Memilih Damai
Yang Berani Capres dari Luar Jawa Harus Didukung
Pengamat mengajak masyarakat mendukung tokoh luar Pulau Jawa yang berani maju dalam Pilpres 2024.
TRIBUN-TIMUR.COM, MAKASSAR - Pengamat dan konsultan politik, Hasan Nasbi, mengajak masyarakat mendukung tokoh luar Pulau Jawa yang berani maju dalam Pemilihan Presiden (Pilpres) 2024.
Dia menyeru agar “mitos” hanya “orang di Pulau Jawa” yang bisa menjadi presiden di Indonesia.
Hal itu ditegaskan Komisaris Utama PT Cyrus Nusantara tersebut dalam Talkshow Nasional Tribun Series di Aula Prof Dr M Syukur Abdullah Fisipol Unhas, Tamalanrea, Makassar, Senin (14/11/2022).
Tribun Timur menghadirkan empat pengamat dan akademisi dalam talkshow yang dihadiri ratusan mahasiswa itu.
Mereka adalah Guru Besar UIN Alauddin Prof M Qasim Mathar, Dosen Sosiologi Politik Unhas M Iqbal Latief, dan Dosen Universitas Indonesia Panji Anugrah Permana.
Diskusi bertema “Memilih, Damai-Masihkah Berlaku The Iron Law of Indonesia Politics Jawa Adalah Kunci pada Pemilu 2024?” dipandu Paramitha Soemantri dan Editor in Chief Tribun Timur Nur Thamzil Thahir.
Selama ini, Pulau Jawa menjadi momok dalam Pilpres Indonesia. Itu karena 60 persen suara ada di Pulau Jawa, 20 persen di Pulau Sumatera, dan 20 persen di Pulau Sulawesi, Kalimantan dan lainnya.
Meski demikian, itu bukan berarti calon dari luar Jawa tidak ada peluang menang lagi.
Yang dimaksud calon dari luar Jawa itu adalah calonnya bukan orang Jawa dan atau calonnya bukan berasal dari Jawa.
“Calon dari luar Jawa harus berani coba. Kalau ada calon dari luar Jawa itu harus didukung,” ujar Hasan.
Pernyataan mantan wartawan Kompas itu menjawab pertanyaan mahasiswa Fakultas Ekonomi Bisnis UNM, Nur Fami.
“Apa yang membuat calon dari non-Jawa sulit bersaing dalam Pilpres?” tanya Nur Fahmi.

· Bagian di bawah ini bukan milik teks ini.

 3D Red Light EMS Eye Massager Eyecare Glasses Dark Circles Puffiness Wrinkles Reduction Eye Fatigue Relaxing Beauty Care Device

Ketika Paramitha Soemantri menyilakan Hasan menjawab, spontan dia menjawab “Kan baru sekali dicoba!”
“Jadi belum bisa jadi patokan,” ujar Paramitha.
“Maksud saya, kalau ada yang berani coba lagi kalau didukung,” tegas Hasan.
Hasan Nasbi mengatakan pemilih harus legowo melihat Pulau Jawa yang menjadi lumbung suara.
Bahkan ia menyampaikan jumlah populasi di Pulau Jawa terbanyak di dunia.
"Jawa itu The Most Populated Island in the World bahkan penduduk pulau Jawa lebih besar dari Rusia," kata Hasan.
Dalam politik, Hasan mengibaratkan pulau Jawa seperti kolam ikan.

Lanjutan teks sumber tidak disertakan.